A reaction common to synthetic organic chemistry has been fully integrated into a microbe, expanding the scope of organic products that could be biosynthesised. The proof-of-concept work, which incorporated carbene-transfer reactions into the metabolism of a strain of Streptomyces bacterium, demonstrates the possibility of a scalable microbial platform for biosynthesising natural and new-to-nature products.

Biosynthesis offers an environmentally friendly and sustainable way to make many natural, as well as new-to-nature products. But many reactions that are available to organic chemists – including carbene-transfer reactions – are not naturally performed by organisms.

Carbene-transfer reactions involve a precursor, such as an azide or diazo compound, that loses nitrogen atoms to generate a carbene – a divalent carbon atom with two substituents. The carbene can then reacts with a chemical, such as an alkene, to effectively transfer a carbon to make a new molecule such as cyclopropanes, which are increasingly incorporated into medicinally active compounds.

Scheme

Source: © Springer Nature Limited 2023

A variety of carbene transfer reactions have been achieved using engineered cytochrome P450 enzymes

In recent years, researchers have shown that carbene transfers, catalysed by engineered metalloenzymes, can be performed in cells and used for biosynthesis. But with no way for the organism to make the carbene and alkene reagents, these had to be added to the cell, which is too expensive to scale up and limits the substrates that can be used. Although an artificial biosynthetic pathway for generating an alkene component in E. coli had been achieved by John Hartwig’s lab at the University of California, Berkeley and collaborators, the catalyst and carbene precursor still had to be added.

Now, Hartwig, together with Jay Keasling’s group at the University of California, Berkeley, Aindrila Mukhopadhyay at Lawrence Berkeley National Laboratory, and their colleagues have fully integrated carbene-transfer chemistry into the metabolism of Streptomyces albus, which generates every component required – carbene precursor, alkene and catalyst – for the entire synthetic pathway from glucose to unnatural cyclopropanes.

‘Incorporating organometallic chemistry into biosynthesis has been a long-time dream of mine, and there it was,’ says Hartwig. ‘Of course, much needs to be done to make such biosynthesis practical, but we all made it happen, led by a superb postdoctoral researcher and graduate student Jing Huang and Andrew Quest, and bolstered by the many collaborators.’

Microbial mutant

First, the researchers set out to identify a natural product that could act as a biocompatible carbene precursor.
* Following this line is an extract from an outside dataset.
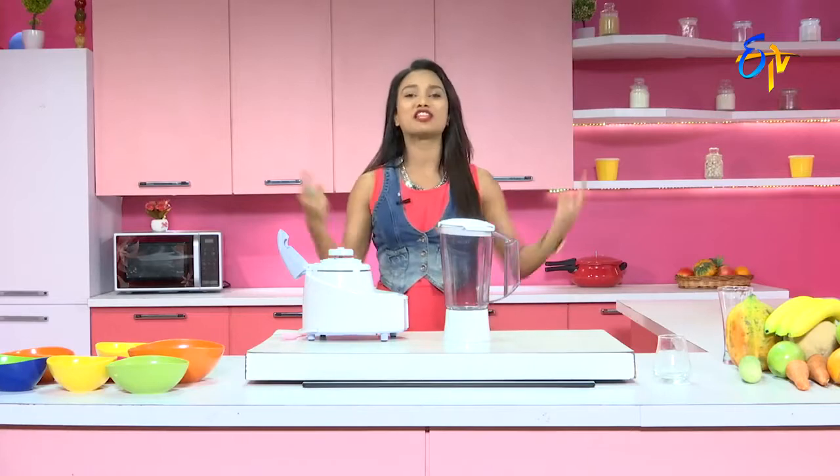Welcome to Juice Bar with me, Sharmila. If you have a problem with blood and digestion, you will have a solution for these two problems. That's our blood beetroot juice.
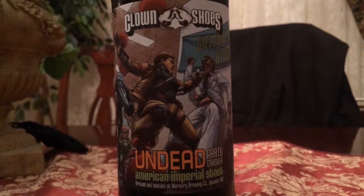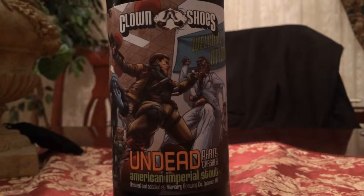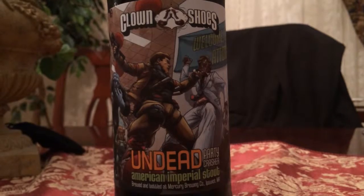How's it going everybody? For today's beer review we're going to be taking a look at Clown Shoes Brewery, Undead Party Crasher, and American Imperial Stout.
In vitro experiments identified the amino acid azaserine, which was shown to undergo carbene transfer to cyclopropanate the alkene styrene. The team then searched for the biosynthetic pathway of azaserine by delving into the genome sequences of two microbes that are known to naturally make it. The gene cluster thought to be responsible was then cloned and integrated into S. albus.
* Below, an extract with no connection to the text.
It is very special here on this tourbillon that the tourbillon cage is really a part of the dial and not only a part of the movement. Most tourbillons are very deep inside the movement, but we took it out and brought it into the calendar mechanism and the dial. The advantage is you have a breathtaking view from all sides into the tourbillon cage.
With S. albus as a suitable host and able to make the carbene precursor, the team turned to finding a catalyst. Knowing that several cytochrome P450 enzymes and their mutants had previously been shown to catalyse cyclopropanation by carbene transfer, the researchers used E. coli to express the enzymes’ encoding genes to screen them for activity towards the reaction of azaserine with styrene. The team arrived at a cytochrome P450 naturally found in thermal spring-dwelling microbes. This had the highest activity and it was then engineered with five rounds of evolution to boost its performance, producing moderate yields of cyclopropanes.

Scheme

Source: © Springer Nature Limited 2023

The full biosynthesis pathway produces new cyclopropanes, with all the reagents and enzymes being produced by the engineered cells

Lastly, the alkene component of the reaction, styrene, was then incorporated into S. albus. The biosynthetic pathway of styrene had previously been established in E. coli and a species of fungus but not in Streptomyces. To do this, the researchers integrated the required genes for the pathway into the genome of the azaserine-producing S. albus strain. Altogether, the final engineered S. albus was shown to biosynthesise all of the reaction components for a carbene-transfer reaction and produce unnatural cyclopropanes.
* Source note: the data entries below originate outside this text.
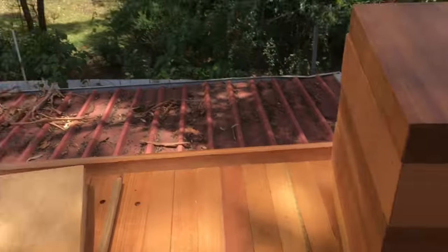How are you going? Nick from Australian Native Bee here. I just thought I would show you my new native bee hive design. So here it is.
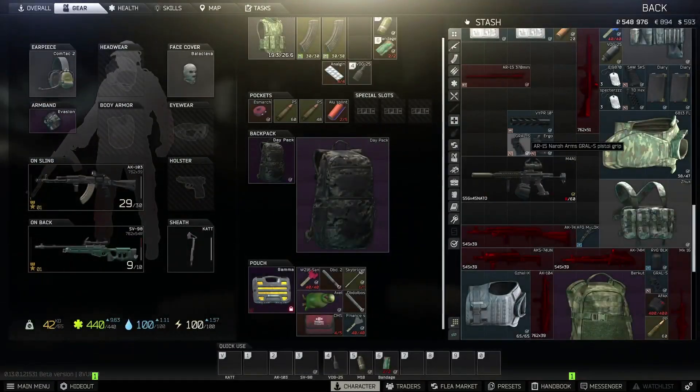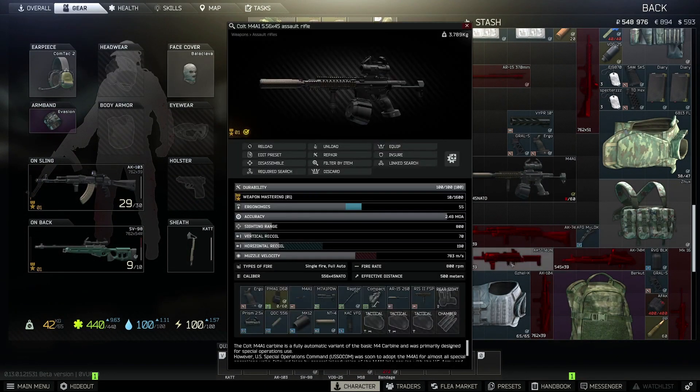Let's look at the gun. Inspect it and you can see all the parts. Most importantly, the weight is 3.789 which is below 3.8. Ergonomics is 55 which is above 47. The combined horizontal and vertical recoil is below 300, and the sighting distance is 800 meters. So we've got all the requirements covered.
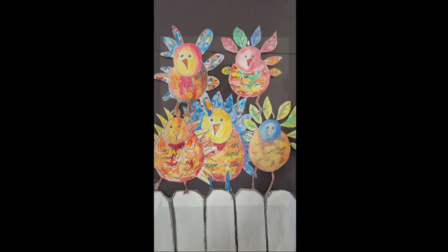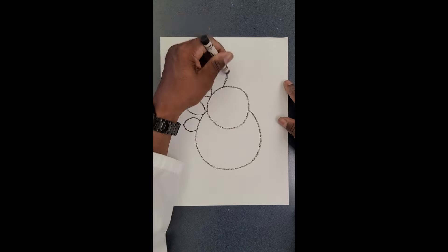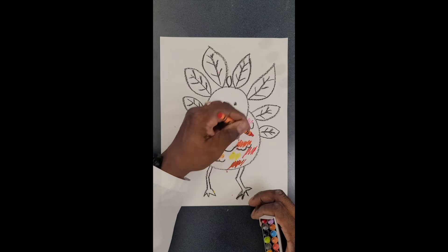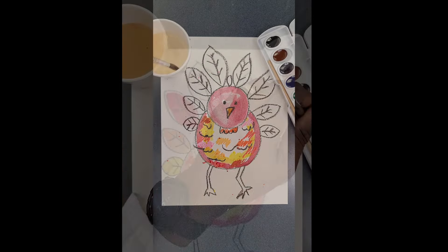Five Fat Turkeys is a great project for school or for home — making circles and ovals and feathers, facial features, then taking crayons and coloring in the body. It ends up being a crayon resist, and kids love to paint.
‘This a very elegant piece of work,’ comments Paul Race who investigates biosynthesis at the University of Bristol, UK. ‘The establishment of a biosynthetic route to the diazo ester carbene precursor is an impressive outcome. However, the subsequent marriage of this with an engineered P450 to cyclopropanate an intracellular target compound is a major step forward, effectively unlocking a “non-natural” metabolic process.’

Rudi Fasan who studies chemo-biosynthetic strategies at the University of Rochester, US, is equally impressed. ‘The possibility of assembling biosynthetic pathways for the production of diazo-containing metabolites in engineered microbial strains is an exciting advance,’ he says. ‘As new examples of these rare but very interesting natural products and biosynthetic pathways are discovered in nature, one can envision important applications of this approach toward expanding the range of interesting molecules obtainable by biomanufacturing with custom-made microorganisms.’